Consider the series \( (2 x+2)+(3 x+3)+(4 x+4)+(5 x+5)+\ldots+(30 x+30) \), (1) Determine the number of terms in the series. (2) Calculate the sum of the series in terms of \( x \), (3) For which value of \( n \) is \( S_{n}=2555 x+2555 \) ?

Let's analyze the series \( (2x + 2) + (3x + 3) + (4x + 4) + \ldots + (30x + 30) \) step by step. ### 1. **Number of Terms** The series starts with \(2x + 2\) and ends with \(30x + 30\).

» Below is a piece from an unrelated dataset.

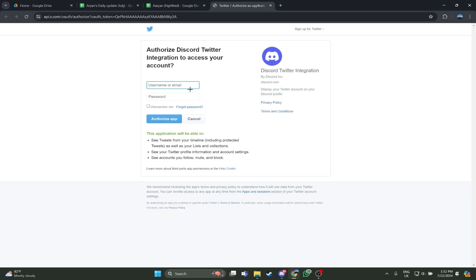You will then be taken to the X website. From here you have to fill out the username or the email and the password, and just press the option 'Authorize app.' Then your Discord will be connected to your X account, which is also known as Twitter.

Each term increases both the coefficient of \(x\) and the constant term by 1. - **First term:** \(k = 2\) - **Last term:** \(k = 30\) The number of terms is calculated as: \[ \text{Number of terms} = 30 - 2 + 1 = 29 \] ### 2. **Sum of the Series in Terms of \(x\)** Each term of the series can be expressed as \(kx + k\), where \(k\) ranges from 2 to 30. The sum of the series \(S\) is: \[ S = \sum_{k=2}^{30} (kx + k) \] \[ S = x \sum_{k=2}^{30} k + \sum_{k=2}^{30} k \] \[ S = (x + 1) \sum_{k=2}^{30} k \] First, compute the sum of integers from 2 to 30: \[ \sum_{k=2}^{30} k = \sum_{k=1}^{30} k - 1 = \frac{30 \times 31}{2} - 1 = 465 - 1 = 464 \] Therefore, the sum of the series is: \[ S = (x + 1) \times 464 = 464x + 464 \] ### 3. **Determining \(n\) for \(S_n = 2555x + 2555\)** Assume \(S_n\) represents the sum of the first \(n\) terms of a similar series starting from \(2x + 2\). The general form of the sum is: \[ S_n = (x + 1) \sum_{k=2}^{n} k = (x + 1) \left( \frac{n(n + 1)}{2} - 1 \right) \] \[ S_n = \left( \frac{n(n + 1)}{2} - 1 \right)x + \left( \frac{n(n + 1)}{2} - 1 \right) \] Set \(S_n\) equal to \(2555x + 2555\) and equate the coefficients: \[ \frac{n(n + 1)}{2} - 1 = 2555 \] \[ \frac{n(n + 1)}{2} = 2556 \] \[ n(n + 1) = 5112 \] Solving the quadratic equation: \[ n^2 + n - 5112 = 0 \] \[ n = \frac{-1 \pm \sqrt{1 + 4 \times 5112}}{2} = \frac{-1 \pm 143}{2} \] Taking the positive root: \[ n = \frac{142}{2} = 71 \] ### **Final Answers** 1. **Number of terms:** \(29\) 2. **Sum of the series:** \(464x + 464\) 3. **Value of \(n\):** \(71\) Answer: 1. There are 29 terms; 2. The sum is 464 × x plus 464; 3. The value of n is 71.